Work instructions: Every line of the material below that contains the string "Thumbnail" must appear in the answer.

******************************

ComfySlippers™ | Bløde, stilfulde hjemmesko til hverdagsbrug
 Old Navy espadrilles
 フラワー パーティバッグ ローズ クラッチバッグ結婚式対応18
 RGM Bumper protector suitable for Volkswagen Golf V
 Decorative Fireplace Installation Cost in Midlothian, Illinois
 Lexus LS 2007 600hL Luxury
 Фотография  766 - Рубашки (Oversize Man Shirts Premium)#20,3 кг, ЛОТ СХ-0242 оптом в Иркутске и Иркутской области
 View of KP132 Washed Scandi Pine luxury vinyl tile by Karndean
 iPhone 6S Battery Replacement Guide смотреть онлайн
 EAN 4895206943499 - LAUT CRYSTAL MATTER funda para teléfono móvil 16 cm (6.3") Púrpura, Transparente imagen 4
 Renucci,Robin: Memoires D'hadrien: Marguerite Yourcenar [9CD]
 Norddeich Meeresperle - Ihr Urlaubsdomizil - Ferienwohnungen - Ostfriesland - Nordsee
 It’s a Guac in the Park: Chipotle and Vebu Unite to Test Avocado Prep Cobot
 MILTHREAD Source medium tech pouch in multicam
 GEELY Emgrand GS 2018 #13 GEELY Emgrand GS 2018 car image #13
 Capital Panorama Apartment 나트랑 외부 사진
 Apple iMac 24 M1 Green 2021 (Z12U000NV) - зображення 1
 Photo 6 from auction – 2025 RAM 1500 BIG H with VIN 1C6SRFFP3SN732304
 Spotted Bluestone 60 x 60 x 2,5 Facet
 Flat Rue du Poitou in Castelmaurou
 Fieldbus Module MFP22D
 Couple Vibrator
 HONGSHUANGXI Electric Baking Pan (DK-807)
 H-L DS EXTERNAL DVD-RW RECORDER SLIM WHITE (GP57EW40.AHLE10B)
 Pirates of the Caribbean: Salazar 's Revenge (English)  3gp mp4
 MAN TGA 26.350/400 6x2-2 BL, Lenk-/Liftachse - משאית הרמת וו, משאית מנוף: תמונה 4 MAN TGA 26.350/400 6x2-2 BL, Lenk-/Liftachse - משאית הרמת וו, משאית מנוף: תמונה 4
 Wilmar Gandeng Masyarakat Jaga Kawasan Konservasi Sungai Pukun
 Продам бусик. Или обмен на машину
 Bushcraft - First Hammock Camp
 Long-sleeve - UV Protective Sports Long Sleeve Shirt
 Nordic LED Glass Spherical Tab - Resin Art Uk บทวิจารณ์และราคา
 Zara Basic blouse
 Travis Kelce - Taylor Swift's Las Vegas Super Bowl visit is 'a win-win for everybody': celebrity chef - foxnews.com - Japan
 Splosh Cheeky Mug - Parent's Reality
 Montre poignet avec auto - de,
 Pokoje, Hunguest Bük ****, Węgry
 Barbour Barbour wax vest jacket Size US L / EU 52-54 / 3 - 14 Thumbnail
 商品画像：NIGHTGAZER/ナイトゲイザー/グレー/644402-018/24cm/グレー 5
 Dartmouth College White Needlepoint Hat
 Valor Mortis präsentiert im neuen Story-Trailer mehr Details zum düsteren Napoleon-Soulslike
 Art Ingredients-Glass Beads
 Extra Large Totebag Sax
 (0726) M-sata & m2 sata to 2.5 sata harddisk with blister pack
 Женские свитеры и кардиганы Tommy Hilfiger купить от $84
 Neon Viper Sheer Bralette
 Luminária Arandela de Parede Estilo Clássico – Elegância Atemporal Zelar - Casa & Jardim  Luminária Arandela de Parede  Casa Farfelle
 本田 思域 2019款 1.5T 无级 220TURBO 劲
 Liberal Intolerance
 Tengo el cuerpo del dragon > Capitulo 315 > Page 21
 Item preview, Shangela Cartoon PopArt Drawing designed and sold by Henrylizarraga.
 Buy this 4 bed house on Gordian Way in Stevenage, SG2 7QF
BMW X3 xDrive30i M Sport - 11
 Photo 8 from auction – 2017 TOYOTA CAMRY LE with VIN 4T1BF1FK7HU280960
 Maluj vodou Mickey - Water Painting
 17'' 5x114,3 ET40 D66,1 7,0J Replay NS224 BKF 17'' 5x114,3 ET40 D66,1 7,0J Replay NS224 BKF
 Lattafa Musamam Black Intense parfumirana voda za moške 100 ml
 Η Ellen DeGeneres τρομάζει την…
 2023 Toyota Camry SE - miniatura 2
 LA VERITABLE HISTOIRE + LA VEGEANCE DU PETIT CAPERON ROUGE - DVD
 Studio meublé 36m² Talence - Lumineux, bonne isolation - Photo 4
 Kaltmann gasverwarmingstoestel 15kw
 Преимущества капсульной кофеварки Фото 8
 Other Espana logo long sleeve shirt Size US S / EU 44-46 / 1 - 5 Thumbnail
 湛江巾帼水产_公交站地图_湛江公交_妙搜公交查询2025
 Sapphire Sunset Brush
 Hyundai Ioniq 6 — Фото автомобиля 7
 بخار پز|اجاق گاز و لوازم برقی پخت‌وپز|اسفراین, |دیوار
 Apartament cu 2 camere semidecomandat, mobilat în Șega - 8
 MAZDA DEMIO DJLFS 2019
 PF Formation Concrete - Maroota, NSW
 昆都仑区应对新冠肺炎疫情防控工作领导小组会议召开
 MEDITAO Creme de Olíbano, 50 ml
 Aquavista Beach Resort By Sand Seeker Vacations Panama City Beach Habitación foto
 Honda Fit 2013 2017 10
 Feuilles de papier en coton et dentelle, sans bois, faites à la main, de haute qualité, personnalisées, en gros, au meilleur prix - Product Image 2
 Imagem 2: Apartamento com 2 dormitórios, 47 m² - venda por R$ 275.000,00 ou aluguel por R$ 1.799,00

******************************

Written response:
 Barbour Barbour wax vest jacket Size US L / EU 52-54 / 3 - 14 Thumbnail
 Other Espana logo long sleeve shirt Size US S / EU 44-46 / 1 - 5 Thumbnail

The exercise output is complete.